ЖЕНСКИЙ ГОЛОС: Вы можете <неразборчиво>? Ну, ладно.
ЖЕНСКИЙ ГОЛОС: Как вы видите?
МУЖСКОЙ
ГОЛОС: Песни будут стоя идти, да?
А?
МУЖСКОЙ
ГОЛОС: Песня эта стоя будет, да?
Песни
стоя будут...
МУЖСКОЙ ГОЛОС:
Бедная Римма... А её куда можно повесить?
<—>
А
почему не надо? Наоборот, пускай она… А почему у вас чёрно-белое
изображение? МУЖСКОЙ
ГОЛОС:
Это мониторы...
ЖЕНСКИЙ ГОЛОС: Мониторы чёрно-белые...
А,
мониторы…
ЖЕНСКИЙ ГОЛОС: Есть в цвете... <Смеётся>
Хе-хе! Это интересно, как мы будем выглядеть.
ГОЛОСА: <Неразборчиво>
<Неразборчиво>... Кстати,
это уже было в фильме «Единственная»: показывали — и рваные ботинки с
оторванными каблуками, так что никаких новостей нет… не будет в этом.
ВП: Так
что лучше не надо, Ляля. Показывай…
Я буду
сидеть вот так, возле…
ВП: А я буду, немного напряжённым.
Давай…
<Смеются>
ВП: Кто считать будет?
ЖЕНСКИЙ
ГОЛОС: Да? Откройте, пожалуйста.
Так,
вот так слышно, когда я разговариваю, да?
ЖЕНСКИЙ
ГОЛОС: Двери там откройте...
Надо
было бы, э… когда я буду говорить,
так
чуть-чуть, чуть-чуть убавить, прямо так, чуточку так...
ЖЕНСКИЙ
ГОЛОС:
Посчитать надо, Валер? Посчитать надо?
ВП: Посчитать надо?..
ЖЕНСКИЙ ГОЛОС: Нет.
ЖЕНСКИЙ ГОЛОС: Нет?
ВП: Нет,
а его уже проверили.
ЖЕНСКИЙ ГОЛОС:
Всё, пошли?
ГОЛОСА:
Да… да, пожалуй...
—
<Неразборчиво>.
<—>
<Пауза
~ 30 сек>
ЖЕНСКИЙ ГОЛОС: Пожалуйста, работайте.
ВП: Сегодня у нас в гостях, которого э... мне не надо представлять,
— Владимир Высоцкий. Его…
ГОЛОСА:
Стоп, стоп... — Валер, тот, тот... — А не которого… —
Угу. — Дальше. — <Неразборчиво>
продолжай.
—
Угу.
ВП: Сегодня у нас в гостях человек, которого мне не
надо представлять, — Владимир Высоцкий. Владимир Семёныч, э... у нас…
Нет,
я поздороваюсь сначала…
ЖЕНСКИЙ
ГОЛОС: Валерик, можешь начать
по-французски.
ВП: Не стоит это…
Нет,
ну, давайте мы шутить не будем, давайте начинать работать, а? Поехали. Я тоже
поздороваюсь.
ВП: Да.
<Неразборчиво>.
ВП: Угу.
ЖЕНСКИЙ
ГОЛОС: Внимание!
У меня щас съёмка была.
ВП: Сегодня у нас в гостях человек, которого мне не надо представлять, —
Владимир Высоцкий.
Добрый день! Или вечер, — смотря в какое время будет
эта передача...
ВП: Владимир Семёнович, у нас э... существует такая традиция: всем знаменитым гостям
задавать вопросы нашей традиционной анкеты. Так вот, если Вы согласитесь...

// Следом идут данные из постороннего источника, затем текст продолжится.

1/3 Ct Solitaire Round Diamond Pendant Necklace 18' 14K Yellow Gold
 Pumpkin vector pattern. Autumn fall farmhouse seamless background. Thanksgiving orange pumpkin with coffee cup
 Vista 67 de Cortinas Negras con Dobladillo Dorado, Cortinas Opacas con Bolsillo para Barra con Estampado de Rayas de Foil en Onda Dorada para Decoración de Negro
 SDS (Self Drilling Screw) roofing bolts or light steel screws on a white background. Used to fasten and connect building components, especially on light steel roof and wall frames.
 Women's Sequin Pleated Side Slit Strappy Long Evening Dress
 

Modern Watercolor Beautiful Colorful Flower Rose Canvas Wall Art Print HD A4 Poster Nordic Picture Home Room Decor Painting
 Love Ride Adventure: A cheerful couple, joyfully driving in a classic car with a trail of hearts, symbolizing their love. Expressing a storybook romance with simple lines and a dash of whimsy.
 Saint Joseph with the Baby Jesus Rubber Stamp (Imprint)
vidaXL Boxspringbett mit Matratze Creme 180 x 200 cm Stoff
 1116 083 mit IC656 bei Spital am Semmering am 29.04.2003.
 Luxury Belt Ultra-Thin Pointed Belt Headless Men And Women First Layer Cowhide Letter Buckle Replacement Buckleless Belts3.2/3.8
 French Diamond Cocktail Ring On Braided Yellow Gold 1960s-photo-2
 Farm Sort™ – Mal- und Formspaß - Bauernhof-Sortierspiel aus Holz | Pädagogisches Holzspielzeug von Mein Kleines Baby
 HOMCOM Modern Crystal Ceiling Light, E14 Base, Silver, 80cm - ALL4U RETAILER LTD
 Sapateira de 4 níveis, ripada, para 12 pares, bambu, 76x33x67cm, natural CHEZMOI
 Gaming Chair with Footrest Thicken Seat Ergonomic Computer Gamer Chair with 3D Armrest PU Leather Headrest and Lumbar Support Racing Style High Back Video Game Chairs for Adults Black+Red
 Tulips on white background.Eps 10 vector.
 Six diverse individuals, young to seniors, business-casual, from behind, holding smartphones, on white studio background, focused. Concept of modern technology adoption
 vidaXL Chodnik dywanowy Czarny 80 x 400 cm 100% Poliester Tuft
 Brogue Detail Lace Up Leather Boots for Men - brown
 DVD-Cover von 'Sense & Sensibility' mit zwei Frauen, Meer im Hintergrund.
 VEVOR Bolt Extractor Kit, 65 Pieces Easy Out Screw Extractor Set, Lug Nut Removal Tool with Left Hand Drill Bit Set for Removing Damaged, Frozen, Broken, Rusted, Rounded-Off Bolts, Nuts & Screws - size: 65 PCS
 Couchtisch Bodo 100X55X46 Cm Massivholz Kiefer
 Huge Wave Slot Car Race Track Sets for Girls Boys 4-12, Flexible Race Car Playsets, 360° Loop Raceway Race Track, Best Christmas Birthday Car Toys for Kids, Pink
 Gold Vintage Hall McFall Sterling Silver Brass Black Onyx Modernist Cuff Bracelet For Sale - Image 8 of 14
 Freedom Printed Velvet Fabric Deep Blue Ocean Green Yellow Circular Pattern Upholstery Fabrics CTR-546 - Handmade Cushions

Первый вопрос: как считаете, какова отличительная черта Вашего характера?
Это
Вы такие вопросы всем задаёте?!
ГОЛОС: Да, да-да-да.
Отличительная черта характера? Ну, то, что приходит первое на ум, — это
желание работать...
Я думаю, что так... работать, пожалуй.
Желание как можно больше работать. И
ещё, чтобы как можно чаще ощущать вдохновение. То есть, чтобы… чтобы что-то
получалось... Ну, я не знаю, может быть, это не черта характера, но, во
всяком случае, это моё горячее желание.
ВП: Ваше представление о счастье? Это
я могу вам сказать. Счастье — это путешествие, не обязательно с переменой
мест... Это путешествие, может быть, даже в душу другого человека, но
путешествие или в мир писателя, поэта
какого-то.
Но не одному, а с человеком, которого ты любишь. А... если иметь просто…
просто путешествия, даже
поездки какие-то, то —
тоже самое —
вдвоём с
человеком, которого ты любишь, мнением которого ты дорожишь, чтоб ты мог
поделиться сейчас же, в это же мгновение.
ВП: Угу.
Вот, мне кажется, вот —
формула счастья такая.
ВП: Ну да, «Без разделения
унылы, скучны наслаждения» — Александр...
Возможно, так.
ВП: ...Сергеевич Пушкин. Следующий вопрос: человеческий недостаток, который э… Вы… к которому вы
относитесь снисходительно?
Снисходительно?
ВП: Да.
Физическая слабость.
ВП: Ну а теперь — недостаток, который
э... Вы не прощаете?..
Их
много. Я не хочу перечислять, но... Жадность. И, в общем, отсутствие позиции,
которое за собой очень много ведёт других пороков. Отсутствие позиции у
человека твёрдой, когда он сам не знает не то… даже не только чего он хочет
в этой жизни, а когда он не имеет своего мнения или не может рассудить о
предмете, о людях, о смысле жизни — да о чём угодно!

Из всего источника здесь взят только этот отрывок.